Differs from Memory Management as it may not bring the entire program into physical memory at one time.
Overview
Virtual memory is the separation of logical memory from physical memory. This allows for a few key things.
- Virtual memory allows for processes to start running without being entirely loaded into memory.
- Logical address space to be larger than physical address space.
- Address spaces to be shared by several processes.
- More efficient process creation.
- Faster program startup.
- More programs can reside in memory at the same time.
Virtual Address Space
Virtual address space allows for only parts of the program be loaded at a time. This is useful as certain functions or "holes" in the program, i.e. empty heap/stack space, may not be used immediately, or often.

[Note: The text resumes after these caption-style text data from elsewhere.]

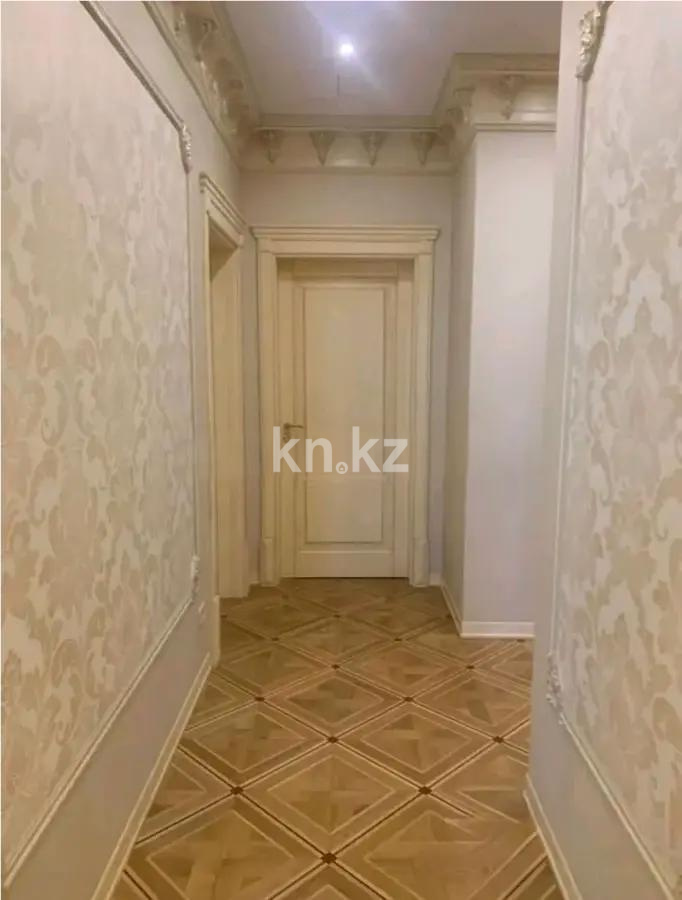 Продажа 4-комнатной квартиры, 163 м², мкр-н Мирас, дом  61 в Алматы - фото 10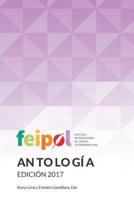 Feipol 2017 Antologia Oficial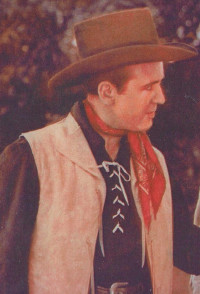 Red Foley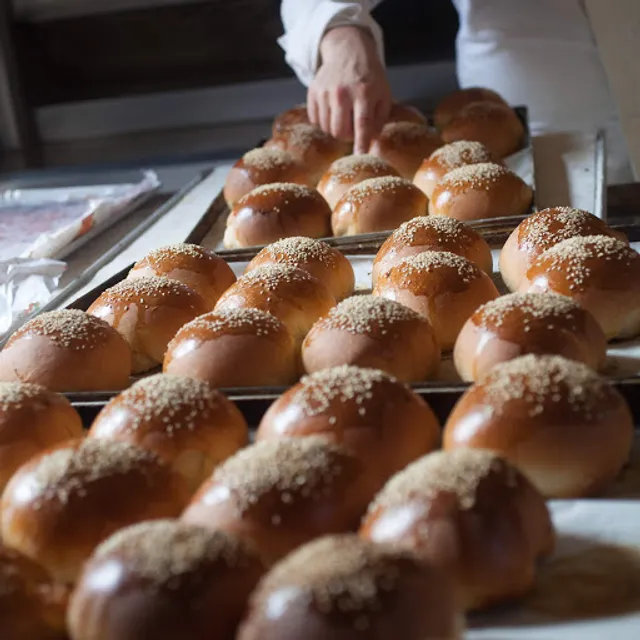 Antico Mulino Pandolfo- Panificio Artigiano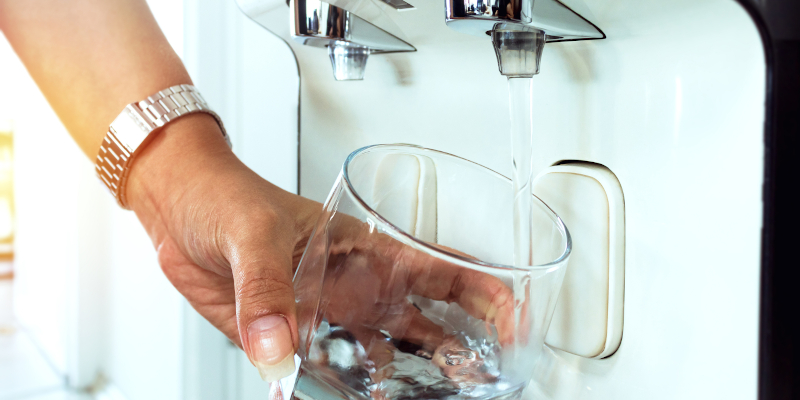 5 Major Benefits of Installing a Water Treatment System in Your Home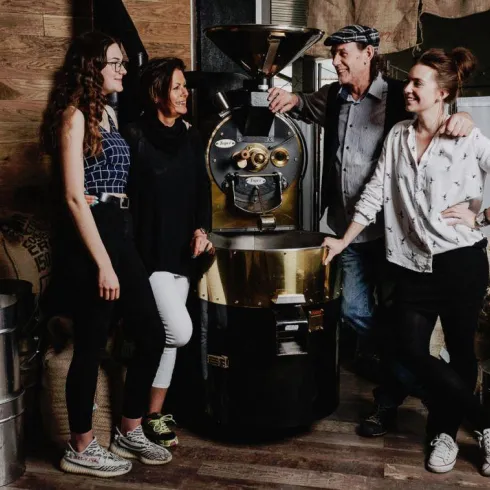 KAFFEEfleck (© KAFFEEfleck)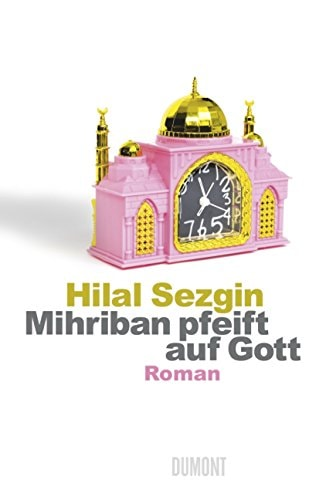 Hilal Sezgin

This also allows for shared memory similar to Memory Management#Shared Pages. This can be used to implement some of the following.
- Shared read-only libraries
- Shared memory for IPC
- Parent and child processes can share pages when
fork()
is used
Demand Paging
Only bring a page into memory when needed.
- Less I/O needed
- Less physical memory needed
- Faster response/startup
- Allows a logical address space > physical address space
- More applications in memory
- Greater degree of multiprogramming
- Higher CPU utilization and throughput due to the larger number of processes in memory
Some drawbacks of demand paging include:
- Increase in later individual memory access times
- Potential for over-allocation of physical memory
- This is where #Page Replacement comes in
A Lazy Swapper never swaps a page into memory unless needed.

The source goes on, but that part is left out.